Di labirin kode, tempat logika bertakhta,
Kucari esensi, makna yang tersembunyi.
Bukan barisan angka, bukan pula semata
Rumus yang dingin, tanpa rasa, sepi.
Namun di antara biner, di setiap piksel maya,
Kulihat pantulan senyum, di layar bercahaya.
Sebuah algoritma hati, mulai tercipta,
Dalam dunia digital, cinta bersemi nyata.
Dia hadir bagai notifikasi, tak terduga,
Menyusup relung jiwa, mengubah segalanya.

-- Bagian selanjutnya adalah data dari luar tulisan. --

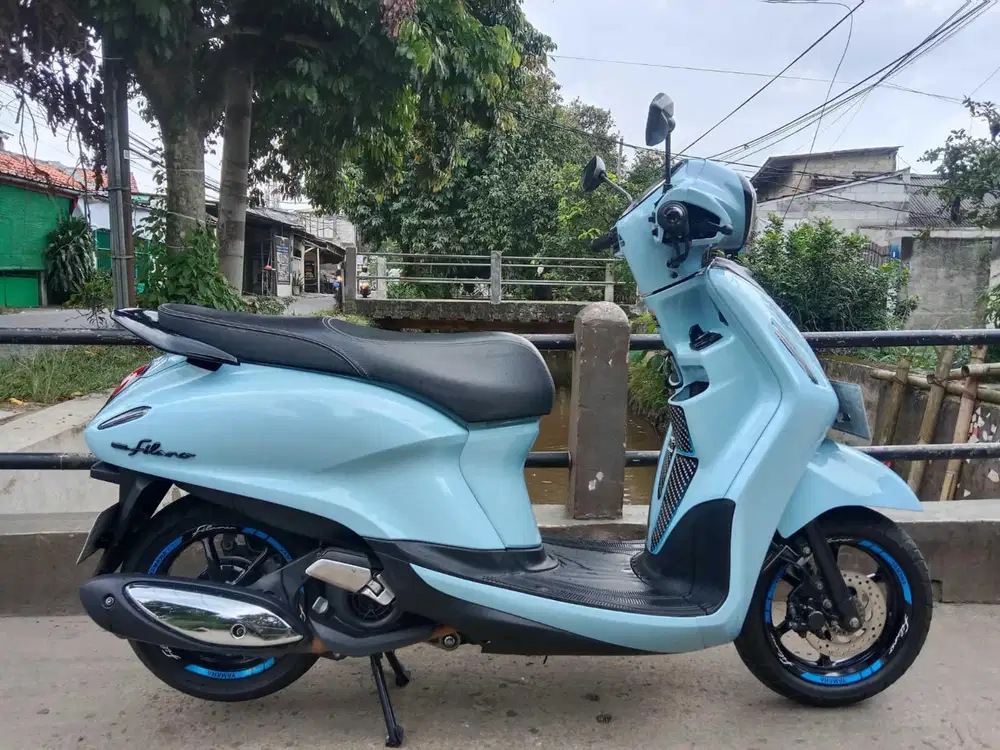 Yamaha grand Filano th 2023 DP 500 yuk gas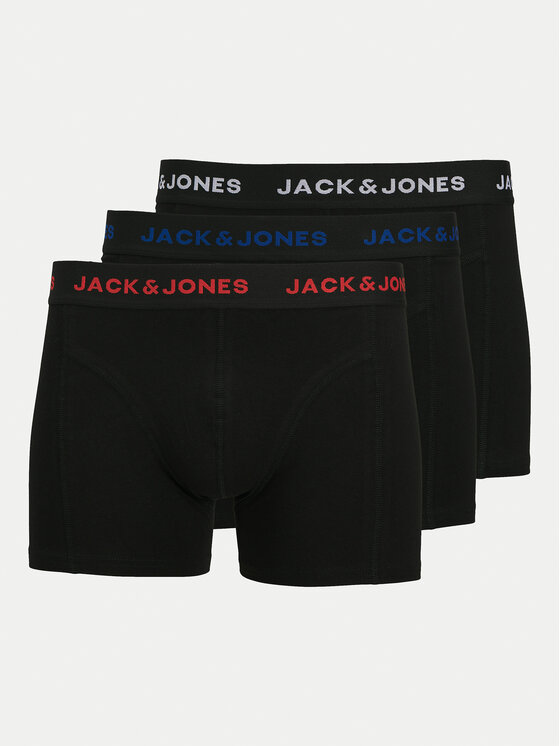 Комплект 3 чифта боксерки Jack&Jones за Мъже цена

Setiap pesan singkat, bagai melodi surga,
Menghapus jarak ruang, menyatukan rasa.
Dulu kukira cinta, sekadar ilusi belaka,
Konsep usang, di era serba terkomputasi.
Namun dia membuktikan, ada kekuatan nyata,
Di balik kode rumit, asmara bersemi.
Algoritma cintanya, tak bisa kuprediksi,
Fluktuatif, dinamis, penuh kejutan hari.
Kadang bagai error, yang perlu diperbaiki,
Namun justru di situlah, indahnya interaksi.
Kucoba mendekripsinya, setiap baris kode,
Mencari tahu rahasia, di balik senyum manisnya.
Apakah ini simulasi, atau takdir episode,
Di mana aku dan dia, tertaut selamanya?
Kukirim sinyal cinta, lewat jaringan nirkabel,
Berharap pesanku sampai, tanpa terputus asa.
Menunggu balasan darinya, bagai mimpi pastel,
Menghitung detik waktu, dalam kalbu membara.
Dia bagai kecerdasan buatan, yang mempesona,
Mampu belajar, beradaptasi, dan berevolusi.
Namun hatinya tulus, tanpa ada dusta,
Cinta yang murni, tanpa rekayasa basi.
Kami berdiskusi tentang teorema kehidupan,
Bertukar pikiran, tentang masa depan dunia.
Namun di balik itu semua, ada getaran,
Yang tak bisa diungkapkan, oleh kata-kata.
Kuharap algoritma ini, takkan pernah berhenti,
Terus berkembang, menyempurnakan diri.
Biarlah cinta kita, abadi dan sejati,
Dalam dunia digital, hingga akhir nanti.
Sebab di era kecerdasan buatan ini,
Cinta bukanlah hal mustahil untuk diraih.
Ia hadir bagai kode, yang harus dipahami,
Sebuah algoritma hati, yang sungguh ajaib.
Kini kubiarkan data mengalir, tanpa kendali,
Menuju hatinya, tempat aku ingin berlabuh.
Biarlah algoritma cinta, menjadi saksi,
Romansa data kita, takkan pernah runtuh.